_What this task involves:_ Every line of the records that holds the word "Original" should be copied.

(Material supplied begins)

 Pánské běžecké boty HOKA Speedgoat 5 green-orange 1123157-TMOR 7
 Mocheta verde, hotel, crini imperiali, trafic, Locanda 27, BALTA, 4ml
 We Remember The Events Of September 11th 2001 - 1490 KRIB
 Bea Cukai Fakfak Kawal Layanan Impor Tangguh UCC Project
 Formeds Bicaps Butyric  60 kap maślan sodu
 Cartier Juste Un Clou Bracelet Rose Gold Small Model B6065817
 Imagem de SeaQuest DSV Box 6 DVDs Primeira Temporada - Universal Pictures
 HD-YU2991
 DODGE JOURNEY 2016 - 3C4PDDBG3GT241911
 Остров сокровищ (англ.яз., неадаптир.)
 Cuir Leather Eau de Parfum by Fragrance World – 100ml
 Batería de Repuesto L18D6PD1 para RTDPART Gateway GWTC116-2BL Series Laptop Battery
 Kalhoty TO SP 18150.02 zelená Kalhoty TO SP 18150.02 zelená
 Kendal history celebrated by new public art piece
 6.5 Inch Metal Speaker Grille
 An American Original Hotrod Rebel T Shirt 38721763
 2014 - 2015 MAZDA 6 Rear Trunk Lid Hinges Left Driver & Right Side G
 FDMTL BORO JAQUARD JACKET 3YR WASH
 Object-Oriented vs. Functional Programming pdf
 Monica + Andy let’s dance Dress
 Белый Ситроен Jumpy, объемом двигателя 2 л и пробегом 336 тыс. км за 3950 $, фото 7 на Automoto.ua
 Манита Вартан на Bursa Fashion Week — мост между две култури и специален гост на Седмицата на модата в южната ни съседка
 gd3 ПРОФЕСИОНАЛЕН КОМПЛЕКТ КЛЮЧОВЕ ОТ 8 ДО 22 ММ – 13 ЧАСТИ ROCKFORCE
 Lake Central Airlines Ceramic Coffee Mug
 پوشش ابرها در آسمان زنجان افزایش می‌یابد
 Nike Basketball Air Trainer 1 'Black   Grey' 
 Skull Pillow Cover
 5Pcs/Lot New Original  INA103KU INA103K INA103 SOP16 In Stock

(Material supplied ends)

_Solution below:_
 An American Original Hotrod Rebel T Shirt 38721763
 5Pcs/Lot New Original  INA103KU INA103K INA103 SOP16 In Stock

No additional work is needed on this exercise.